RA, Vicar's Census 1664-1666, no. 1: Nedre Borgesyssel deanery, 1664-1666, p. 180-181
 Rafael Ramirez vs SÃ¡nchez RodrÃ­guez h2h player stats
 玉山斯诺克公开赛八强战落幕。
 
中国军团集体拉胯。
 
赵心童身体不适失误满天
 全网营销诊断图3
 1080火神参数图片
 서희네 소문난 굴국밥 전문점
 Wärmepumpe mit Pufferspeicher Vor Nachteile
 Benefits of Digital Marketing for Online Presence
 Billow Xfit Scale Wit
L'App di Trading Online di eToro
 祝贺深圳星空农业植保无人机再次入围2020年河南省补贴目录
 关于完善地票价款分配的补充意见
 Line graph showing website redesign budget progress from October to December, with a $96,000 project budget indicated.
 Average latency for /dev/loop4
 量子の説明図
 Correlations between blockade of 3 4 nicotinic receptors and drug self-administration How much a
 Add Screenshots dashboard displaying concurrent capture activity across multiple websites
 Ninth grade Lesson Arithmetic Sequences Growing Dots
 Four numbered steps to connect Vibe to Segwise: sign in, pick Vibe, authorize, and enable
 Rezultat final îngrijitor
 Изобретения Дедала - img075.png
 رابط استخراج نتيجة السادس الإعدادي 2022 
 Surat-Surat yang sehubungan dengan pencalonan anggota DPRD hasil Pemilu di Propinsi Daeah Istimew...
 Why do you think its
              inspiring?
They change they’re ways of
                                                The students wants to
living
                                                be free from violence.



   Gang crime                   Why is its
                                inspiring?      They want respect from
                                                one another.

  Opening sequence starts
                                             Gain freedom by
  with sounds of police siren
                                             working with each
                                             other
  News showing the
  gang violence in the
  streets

## [The task]
Start at the first line of the data above. Stop after the line containing "Line graph showing", reproducing each line exactly and adding nothing.

## [Completed task]
RA, Vicar's Census 1664-1666, no. 1: Nedre Borgesyssel deanery, 1664-1666, p. 180-181
 Rafael Ramirez vs SÃ¡nchez RodrÃ­guez h2h player stats
 玉山斯诺克公开赛八强战落幕。
 
中国军团集体拉胯。
 
赵心童身体不适失误满天
 全网营销诊断图3
 1080火神参数图片
 서희네 소문난 굴국밥 전문점
 Wärmepumpe mit Pufferspeicher Vor Nachteile
 Benefits of Digital Marketing for Online Presence
 Billow Xfit Scale Wit
L'App di Trading Online di eToro
 祝贺深圳星空农业植保无人机再次入围2020年河南省补贴目录
 关于完善地票价款分配的补充意见
 Line graph showing website redesign budget progress from October to December, with a $96,000 project budget indicated.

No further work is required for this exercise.